June 6, 2022 By Alexandra Adelina Nita
Queens Assemblymember Zohran Mamdani is calling for the installation of enforcement cameras to keep motorists out of protected bicycle lanes.
The Astoria assembly member introduced a bill last month that would see motorists who drive on protected bike lanes ticketed. The fine would be $50 for each infraction, and it would be sent to the registered owner of the vehicle.
Failure to pay the ticket by the date listed would result in an additional $25 fine.
The bill aims to deter motor vehicles from encroaching on protected bicycle lanes. The bill would see 50 cameras go up across the city as part of a pilot program.

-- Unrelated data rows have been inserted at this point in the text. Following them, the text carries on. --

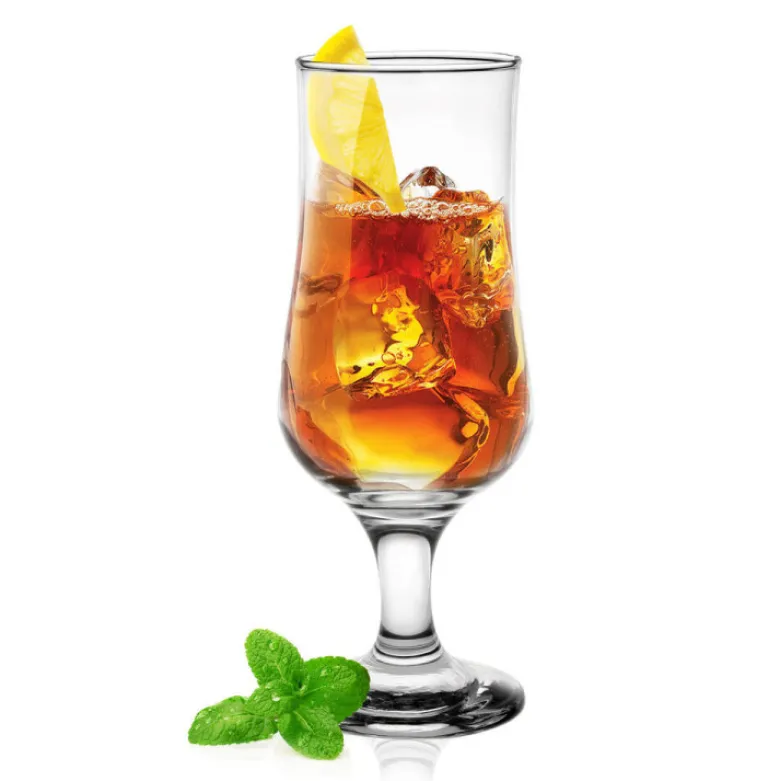 Szklanki na nóżce Glasmark kieliszki koktajlowe 340 ml zestaw 6 sztuk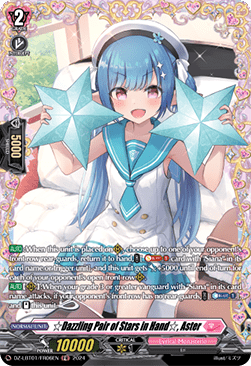 Dazzling Pair of Stars in Hand, Aster [D-Format] (V.2 - Frame Rare) - Lyrical Monasterio: Sparkling Stars!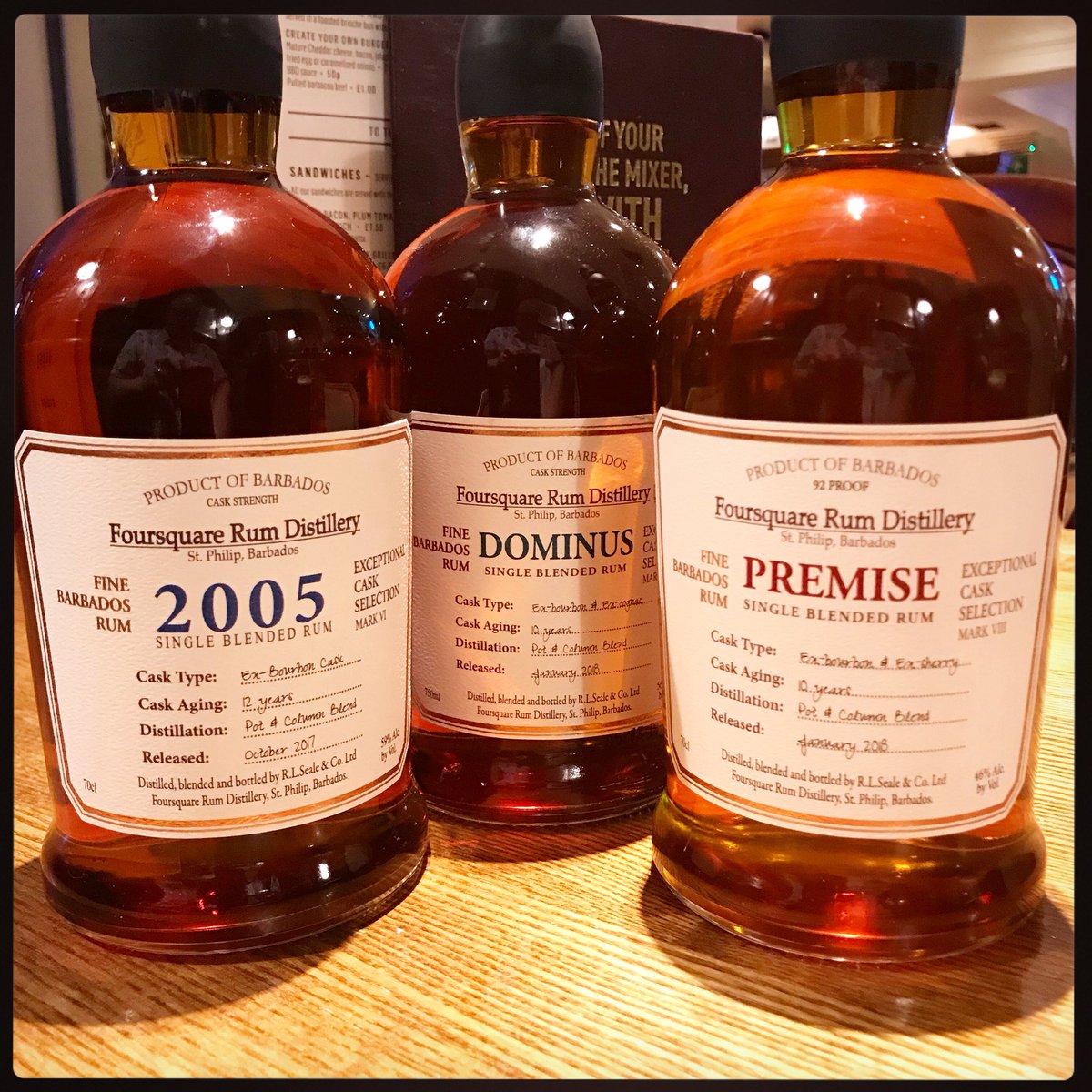 FloatingRumShac's tweet photo. Tried the previews of 2005 and Dominus at @UKRumfest last year, I knew they were going to be v good. I’m super happy to say that the final blend of each is better still. Premise, being tried for the first time blew me away! Truly a worthy sucessor to Zin Cask! Wonderfully fruity https://t.co/kNlYSpGlWa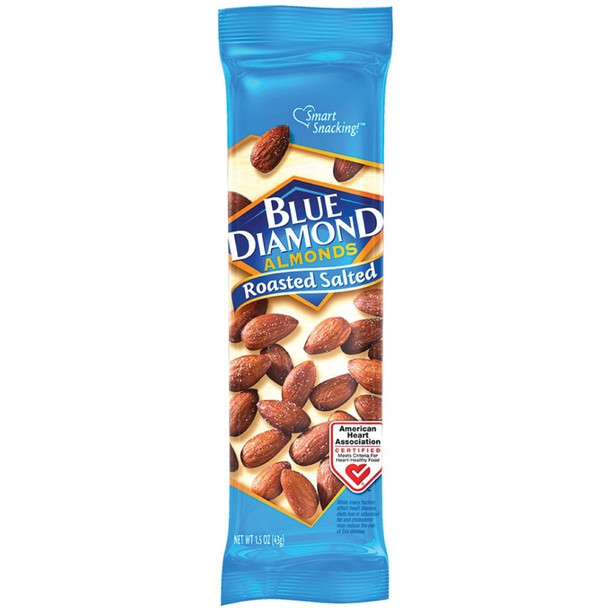 BlueDiamond Roasted Salted Almonds - Roasted & Salted - 1.50 oz - 1 Box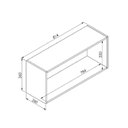 Ver imagem 3 de Nicho De Parede Funcionale Horizontal Organizador Multiuso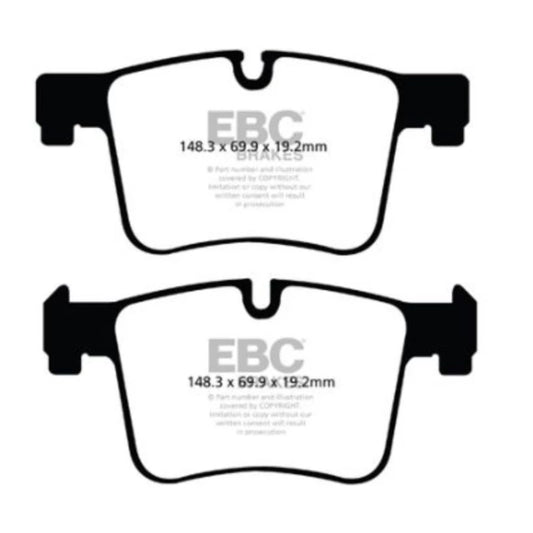 ผ้าเบรค EBC Brakes รุ่น Yellowstuff / ผ้าหน้า BMW F30 ขนาดจาน 312MM, 320i, 320D, 325d, 328i, 330i, 330d, 335i, F36 Series4 จานขนาด 312 mm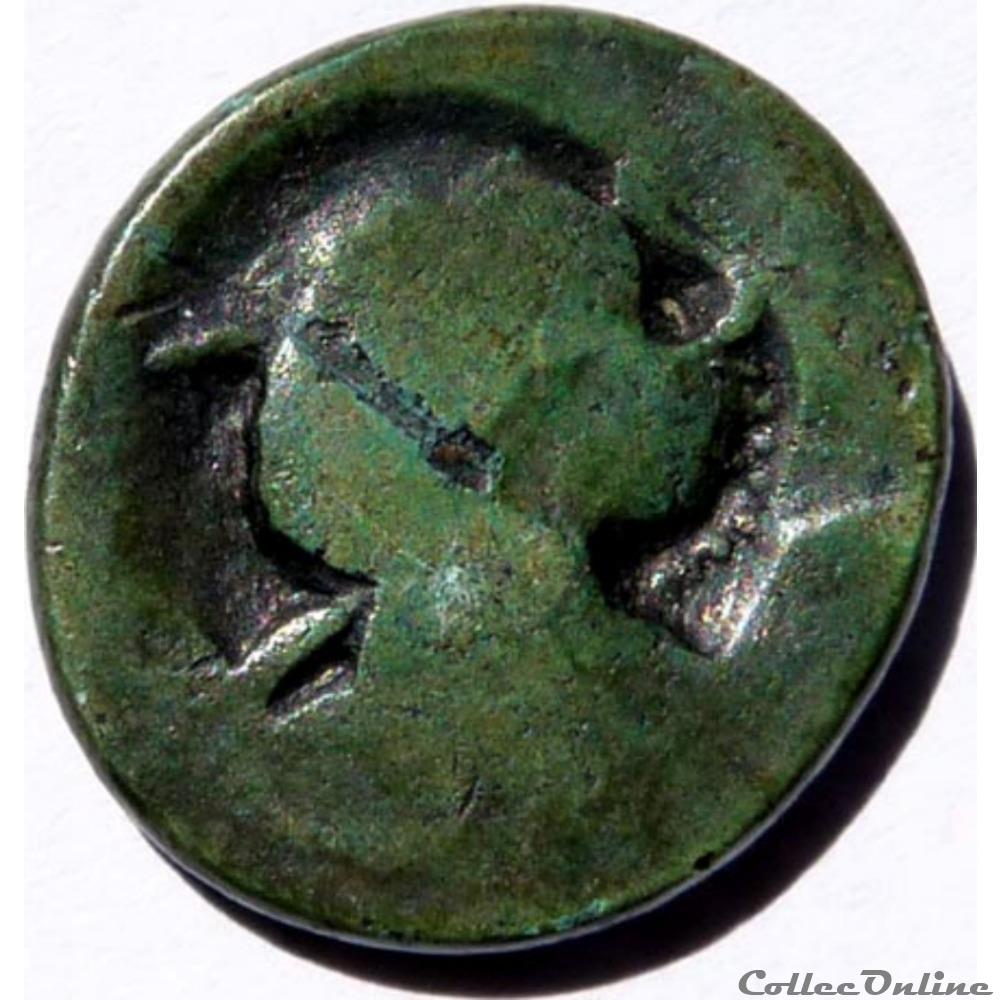 Bronze à identifier 2 monnaie antiquite av jc ap grecque bronze a identifier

The legislative session in Albany is now over for the year—and Mamdani aims to gain momentum for the bill and reintroduce it in 2023.
Mamdani’s bill has been prompted by an increase in traffic deaths in New York City, including a jump in cyclist fatalities.
In 2021, 273 people were killed on New York City streets, a 33 percent increase over 2018, the safest year in recent history. Crashes last year, according to city data, killed 124 pedestrians, 50 motorcyclists, 19 cyclists and 15 people on mopeds and e-bikes.
“Every day across NYC, cyclists like myself go head to head with cars in bike lanes — an incredibly scary & dangerous experience,” Mamdani tweeted.
If you’re an NYC cyclist, you’ve seen a car drive into a protected bike lane
That’s why I’m introducing A10446 (w/ @bradhoylman holding it in the Senate)
This would install cameras at 50 NYC PBLs to deter cars from driving into them w/o requiring additional police interactions pic.twitter.com/FtR3qhOmEC
— Zohran Kwame Mamdani (@ZohranKMamdani) June 2, 2022
Mamdani’s tweet included a photo of a car on top of a concrete barrier used to protect a bike lane. The tweet also includes video of a woman being spat on by a driver after she took footage of him being in a protected bike lane.
The bill is modeled after the New York City Department of Transportation’s speed camera program, which Mamdani says is effective. Mamdani cited a DOT report that said speeding dropped an average of 72 percent in areas where cameras are installed.
Mamdani’s bill has support in the state senate. Brad Hoylman, from Manhattan, is sponsoring the legislation in the upper chamber. Both bills did not get out of committee this year.
The bill would need the support of the city council, which is likely to back it.